ECLI:NL:RBDHA:2018:11981
Rechtbank Den Haag
- Beschikking
- Rechtspraak.nl
Internationale kinderontvoering en verzoek tot teruggeleiding afgewezen met opname van spiegelovereenkomst
Op 8 oktober 2018 heeft de Rechtbank Den Haag een beschikking gegeven in een zaak betreffende internationale kinderontvoering. Het verzoek tot teruggeleiding van de minderjarigen [minderjarige 1], [minderjarige 2] en [minderjarige 3] naar het Verenigd Koninkrijk, ingediend door de vader [Y], is eerder op 27 september 2018 afgewezen. De vader, wonende in het Verenigd Koninkrijk en vertegenwoordigd door advocaat mr. J.H. Weermeijer, had verzocht om de kinderen terug te leiden naar hun woonplaats. De moeder, [X], wonende in [woonplaats] en vertegenwoordigd door advocaat mr. J.A.M. Schoenmakers, werd als belanghebbende aangemerkt.

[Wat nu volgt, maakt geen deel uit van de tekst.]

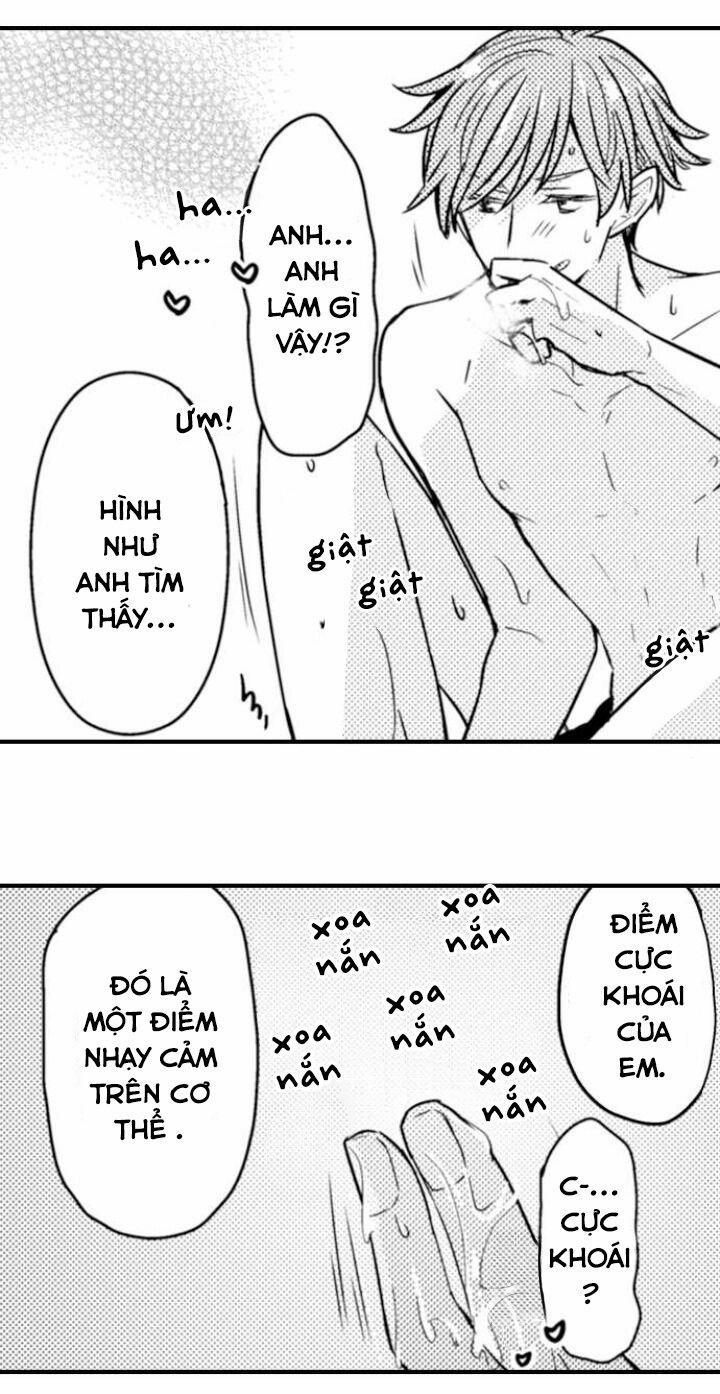 Ẩn sâu bên trong, Ren là một người phụ nữ.(Ren-kun wa Muitara Onna no Ko) 18 trang 12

De rechtbank heeft in deze beschikking de eerder genomen beslissing bevestigd en het verzoek van de ouders om de onderlinge regeling, vastgelegd in de spiegelovereenkomst, op te nemen in de beschikking toegewezen. De spiegelovereenkomst, ondertekend op 21 augustus 2018, betreft de ouderlijke verantwoordelijkheid voor de minderjarigen. De rechtbank heeft de beschikking uitvoerbaar bij voorraad verklaard, wat betekent dat de beslissing onmiddellijk van kracht is, ongeacht eventuele hoger beroep procedures. De beschikking is gegeven door de meervoudige kamer, bestaande uit kinderrechters, en is openbaar uitgesproken op de zitting van 8 oktober 2018.